Silk Invest has Air Arabia in its Arab Falcons fund. We met with the company's Director of Finance and Administration to review how things were going in the light of the recent uptick in oil prices (a big component in any airlines costs).
The company has a natural fuel hedge. In effect, when oil price is high, margins are down but revenues go up as the economy is strong. That said, the company hedged 50% of its fuel for this year at USD 55. Good news.

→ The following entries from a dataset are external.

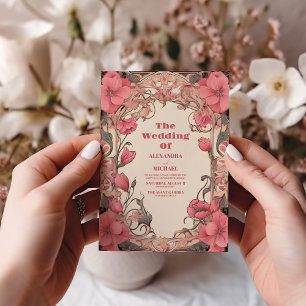 Romantic  Art Nouveau Wedding Invitation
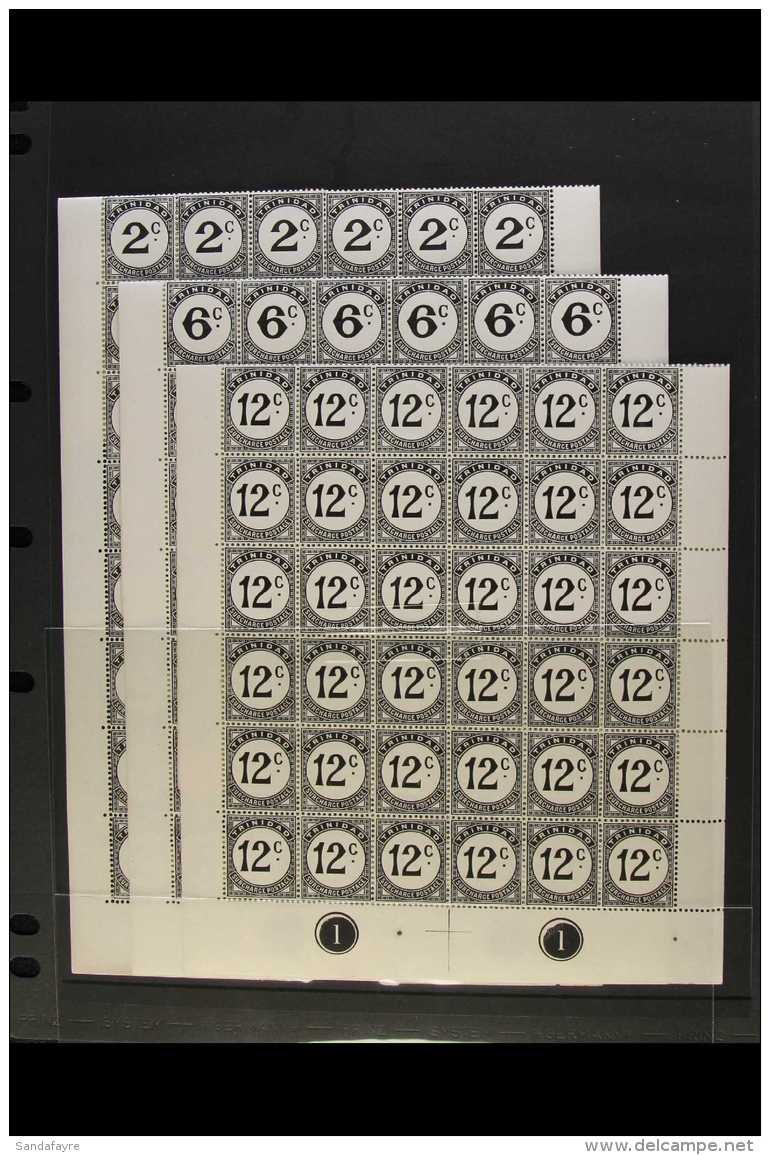 POSTAGE DUES 1947-61 Black 2c, 6c &amp; 12c, SG D26a, 28a &amp; 31a, In NHM Panes Of 60 With Selvedge To All Four... - Trinidad & Tobago (...-1961)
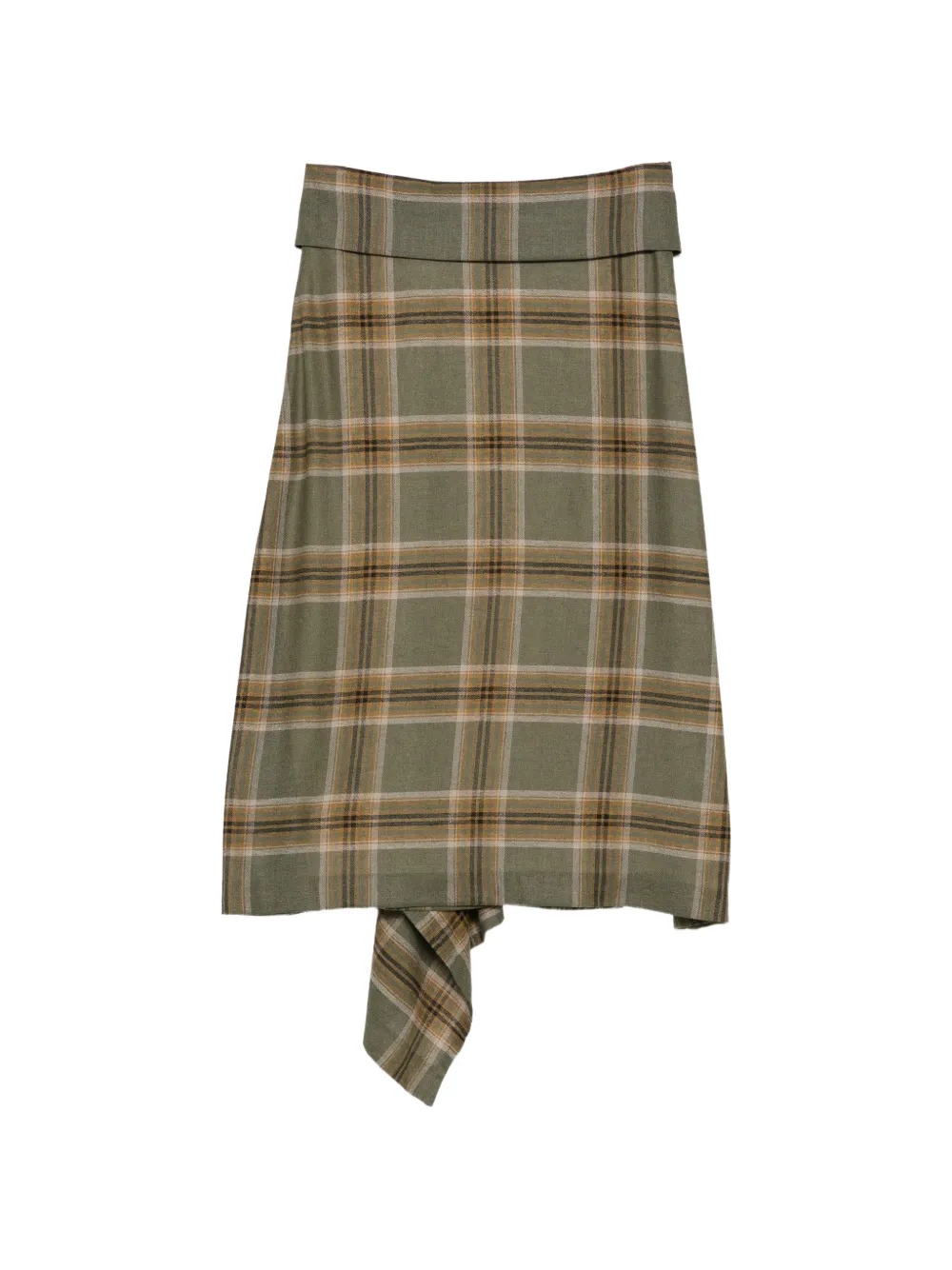 Tela Amanda geruite midi-rok Groen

The biggest takeaways are that this is actually a different business model from the European low cost airlines. Firstly, only 30% of tickets are sold through internet. The company has an extensive general sales agent network that adds a fee to the basic prices it distributes. This is difficult to duplicate and is very powerfull in the GCC and India where internet penetration is low. Another big difference is that the Middle East does not close airports at night. As such, the company flys 24/7. Its planes fly 14 hours a day, the highest in the world. (that is twice most other airlines!!!) Its distances are longer on average, versus the small 'hops' in Europe. This means four flights a day, instead of six. As a result, turnaround times are less critical. The other big difference is that it is a 'dry airline'. As such, it does not get revenue from drink sales. By the way, this is not a negative, its customers like that! That said, it gets 2% revenue from excess bagage sales. The final difference is that Sharjah airport owns 17% of company, so new competitors flying our of Dubai can't compete on price as it gets discounted landing fees.